Une carrière moins médiatique mais réussie puisque selon la Pro Basketball Encyclopedia, aucun joueur n’a scoré plus que Hank DeZonie en ABL entre 1949 et 1953. Pas de quoi lui ouvrir une nouvelle porte en NBA, mais en avait-il seulement encore envie après son pénible premier essai ? À la place, il a su faire son trou à Harlem, où il tenait un bar avec sa femme, le Renny Lounge. Un établissement situé au rez-de-chaussée du Renaissance Ballroom, bâtiment qui a vu les exploits des Rens des années plus tôt.

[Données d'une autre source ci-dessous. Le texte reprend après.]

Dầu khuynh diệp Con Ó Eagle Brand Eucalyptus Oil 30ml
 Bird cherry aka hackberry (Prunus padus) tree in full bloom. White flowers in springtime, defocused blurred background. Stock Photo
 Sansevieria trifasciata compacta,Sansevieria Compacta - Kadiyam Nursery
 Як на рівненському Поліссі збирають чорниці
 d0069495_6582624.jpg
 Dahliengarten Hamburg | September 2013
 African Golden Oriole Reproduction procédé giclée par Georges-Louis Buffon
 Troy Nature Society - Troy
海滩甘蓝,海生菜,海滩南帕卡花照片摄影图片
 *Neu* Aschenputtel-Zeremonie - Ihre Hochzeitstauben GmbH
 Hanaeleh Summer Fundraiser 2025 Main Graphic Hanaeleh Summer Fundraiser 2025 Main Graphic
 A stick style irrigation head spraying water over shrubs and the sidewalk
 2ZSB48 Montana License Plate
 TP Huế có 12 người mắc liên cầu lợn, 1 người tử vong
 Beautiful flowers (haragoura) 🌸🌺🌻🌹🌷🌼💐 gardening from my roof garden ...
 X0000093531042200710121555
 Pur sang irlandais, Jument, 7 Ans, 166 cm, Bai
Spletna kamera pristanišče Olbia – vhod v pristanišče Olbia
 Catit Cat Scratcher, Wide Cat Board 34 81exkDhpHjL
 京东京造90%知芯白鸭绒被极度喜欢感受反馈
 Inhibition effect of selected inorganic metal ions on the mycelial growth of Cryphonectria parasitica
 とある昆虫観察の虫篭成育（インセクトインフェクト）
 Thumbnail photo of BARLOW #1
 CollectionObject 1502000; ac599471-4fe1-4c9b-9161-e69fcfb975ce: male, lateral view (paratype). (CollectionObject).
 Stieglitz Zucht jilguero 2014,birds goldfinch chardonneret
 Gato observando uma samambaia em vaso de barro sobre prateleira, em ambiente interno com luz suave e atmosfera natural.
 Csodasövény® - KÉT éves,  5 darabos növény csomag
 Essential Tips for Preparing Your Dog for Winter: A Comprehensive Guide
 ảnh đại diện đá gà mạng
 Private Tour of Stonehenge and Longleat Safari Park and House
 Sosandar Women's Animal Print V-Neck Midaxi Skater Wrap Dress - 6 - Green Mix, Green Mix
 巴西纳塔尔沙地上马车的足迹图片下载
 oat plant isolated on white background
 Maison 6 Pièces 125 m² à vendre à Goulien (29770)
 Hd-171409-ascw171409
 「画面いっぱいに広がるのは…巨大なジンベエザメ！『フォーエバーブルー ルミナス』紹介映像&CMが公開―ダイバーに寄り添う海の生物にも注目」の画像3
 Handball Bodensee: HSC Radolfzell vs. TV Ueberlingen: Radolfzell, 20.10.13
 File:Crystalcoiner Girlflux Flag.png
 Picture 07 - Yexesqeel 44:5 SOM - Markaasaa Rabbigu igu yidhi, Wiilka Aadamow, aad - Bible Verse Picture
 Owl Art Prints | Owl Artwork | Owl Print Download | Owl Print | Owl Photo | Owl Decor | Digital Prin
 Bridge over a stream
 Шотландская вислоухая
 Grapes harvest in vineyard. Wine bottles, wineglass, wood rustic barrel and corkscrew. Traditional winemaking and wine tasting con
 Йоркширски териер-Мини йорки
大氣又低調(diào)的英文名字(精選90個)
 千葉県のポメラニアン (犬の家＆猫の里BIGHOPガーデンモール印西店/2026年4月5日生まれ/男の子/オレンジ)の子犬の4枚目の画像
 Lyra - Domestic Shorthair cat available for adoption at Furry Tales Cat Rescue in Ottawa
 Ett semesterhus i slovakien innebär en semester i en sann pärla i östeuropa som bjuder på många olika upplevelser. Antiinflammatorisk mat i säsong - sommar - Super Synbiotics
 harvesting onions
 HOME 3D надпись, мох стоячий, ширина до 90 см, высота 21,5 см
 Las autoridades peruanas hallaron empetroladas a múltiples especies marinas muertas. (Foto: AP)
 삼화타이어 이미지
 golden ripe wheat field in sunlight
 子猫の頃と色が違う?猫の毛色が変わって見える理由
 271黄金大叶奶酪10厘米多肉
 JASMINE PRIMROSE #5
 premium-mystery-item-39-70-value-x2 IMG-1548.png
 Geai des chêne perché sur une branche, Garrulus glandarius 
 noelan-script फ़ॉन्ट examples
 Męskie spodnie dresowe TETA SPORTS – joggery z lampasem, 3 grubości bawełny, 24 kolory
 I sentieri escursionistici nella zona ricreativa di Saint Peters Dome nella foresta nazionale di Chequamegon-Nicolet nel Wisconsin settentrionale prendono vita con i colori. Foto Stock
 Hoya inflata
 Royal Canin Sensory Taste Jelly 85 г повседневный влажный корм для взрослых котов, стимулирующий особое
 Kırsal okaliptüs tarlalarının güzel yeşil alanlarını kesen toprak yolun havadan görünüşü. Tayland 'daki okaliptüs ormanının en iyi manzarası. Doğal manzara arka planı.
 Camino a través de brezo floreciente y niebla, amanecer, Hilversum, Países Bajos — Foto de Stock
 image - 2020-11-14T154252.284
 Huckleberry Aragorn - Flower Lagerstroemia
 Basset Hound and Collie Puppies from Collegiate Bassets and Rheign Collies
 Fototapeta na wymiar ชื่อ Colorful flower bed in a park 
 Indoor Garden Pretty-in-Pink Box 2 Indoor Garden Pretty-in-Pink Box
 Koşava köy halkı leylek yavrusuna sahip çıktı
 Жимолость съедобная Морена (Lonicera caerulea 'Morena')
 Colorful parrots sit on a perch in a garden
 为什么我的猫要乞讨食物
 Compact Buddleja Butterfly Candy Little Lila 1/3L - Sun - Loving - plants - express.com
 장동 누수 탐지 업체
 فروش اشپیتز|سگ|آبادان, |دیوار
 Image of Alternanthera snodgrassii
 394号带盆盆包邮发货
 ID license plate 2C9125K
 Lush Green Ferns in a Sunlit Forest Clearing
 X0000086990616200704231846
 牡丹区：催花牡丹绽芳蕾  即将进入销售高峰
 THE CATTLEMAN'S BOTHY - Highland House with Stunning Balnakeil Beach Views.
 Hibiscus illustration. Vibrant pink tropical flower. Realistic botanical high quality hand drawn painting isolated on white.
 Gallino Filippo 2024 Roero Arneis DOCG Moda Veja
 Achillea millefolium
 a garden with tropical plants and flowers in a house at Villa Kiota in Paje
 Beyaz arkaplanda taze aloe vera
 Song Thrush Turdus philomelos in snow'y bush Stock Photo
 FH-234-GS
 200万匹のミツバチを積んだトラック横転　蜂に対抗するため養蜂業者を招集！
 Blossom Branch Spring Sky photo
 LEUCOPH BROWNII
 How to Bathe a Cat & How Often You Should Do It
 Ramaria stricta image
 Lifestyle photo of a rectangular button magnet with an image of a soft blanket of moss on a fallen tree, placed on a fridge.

Né dans le quartier en 1922, il y est resté très attaché toute sa vie, vivant comme un déchirement la période de son enfance où il déménage puis vit dans le Bronx. Mais cette rupture de quelques années a aussi forgé Hank DeZonie, puisque c’est dans ce quartier majoritairement blanc à l’époque qu’il a pris son envol en tant que basketteur. Les playgrounds où il tâte la balle orange avec ses camarades juifs deviennent le seul endroit où il parvient à s’intégrer, s’amuser, s’épanouir. Où il idolâtre John Isaacs qui brille déjà chez les Rens et qui sera son coéquipier des années plus tard.

La NBA a finalement admis son statut de pionnier à Hank DeZonie en le présentant au cours d’une cérémonie d’avant match en 2000. Il a rejoint Earl Lloyd ainsi que la fille de Chuck Cooper et la femme de Nathaniel Clifton – les deux pionniers étant décédés respectivement en 1984 et 1990 – le 31 octobre 2000 au Madison Square Garden pour l’ouverture de la saison des 50 ans des débuts des Afro-américains en NBA. Un peu moins de neuf ans plus tard, il meurt le 9 janvier 2009 dans un hosto de Harlem suite à des soucis respiratoires et pulmonaires qu’il traînait depuis de nombreuses années. Sans plus de reconnaissance de la part de la Ligue.